▶ EXERCISE DATA:
####

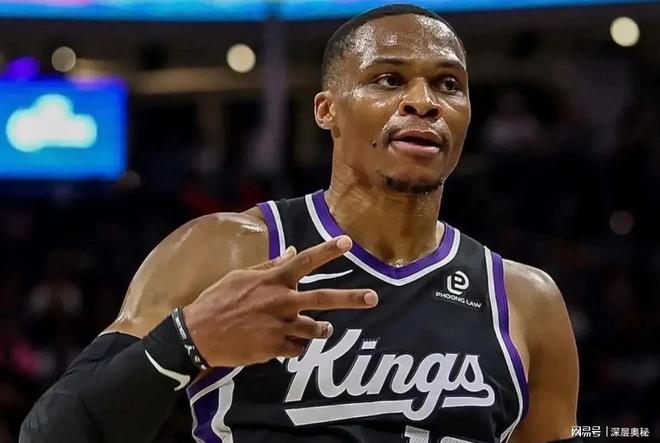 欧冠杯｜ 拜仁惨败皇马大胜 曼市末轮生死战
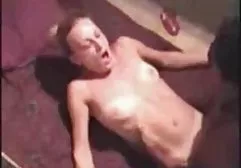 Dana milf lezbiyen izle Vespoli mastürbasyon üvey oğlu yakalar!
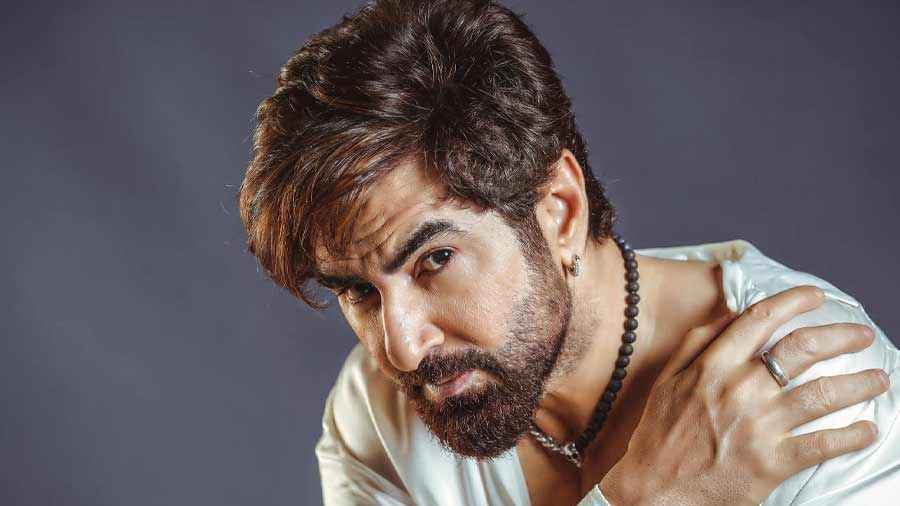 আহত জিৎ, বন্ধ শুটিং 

####

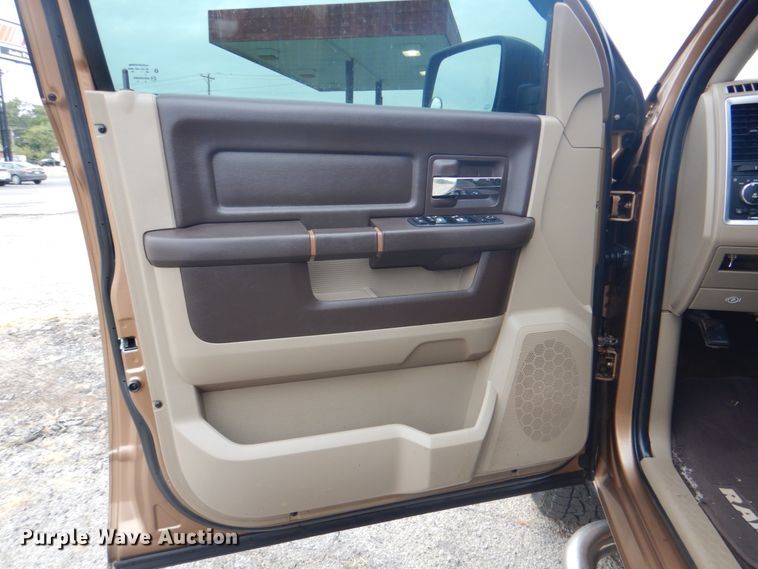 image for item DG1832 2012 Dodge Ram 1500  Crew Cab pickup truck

####

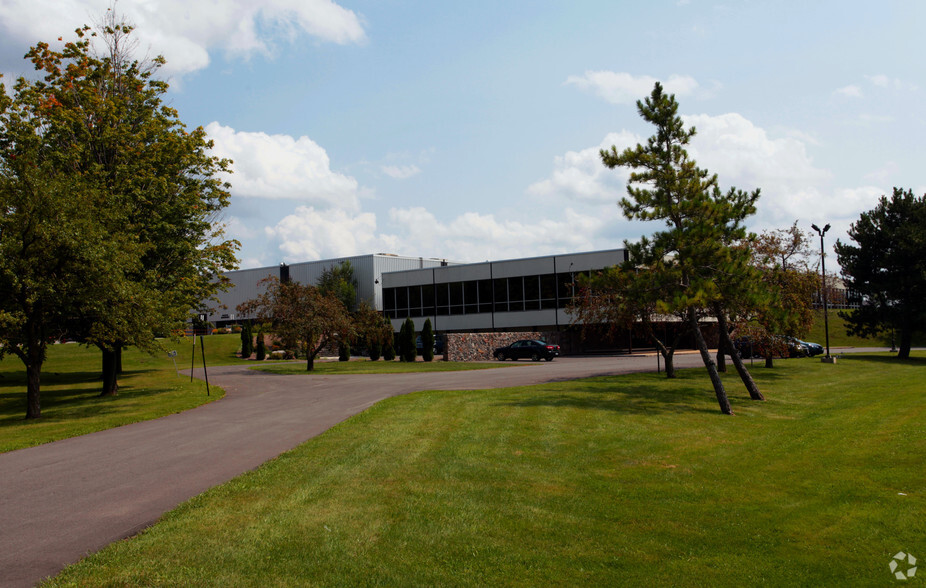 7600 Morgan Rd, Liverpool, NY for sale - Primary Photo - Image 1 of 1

####

▶ WHAT YOU SHOULD DO:
In the records above, find the line with "欧冠杯｜ 拜仁惨败皇马大胜 曼市末轮生死战". Print exactly from there through the line with "আহত জিৎ, বন্ধ শুটিং", minus the pictures.

▶ WRITTEN SOLUTION:
 欧冠杯｜ 拜仁惨败皇马大胜 曼市末轮生死战
 Dana milf lezbiyen izle Vespoli mastürbasyon üvey oğlu yakalar!
 আহত জিৎ, বন্ধ শুটিং 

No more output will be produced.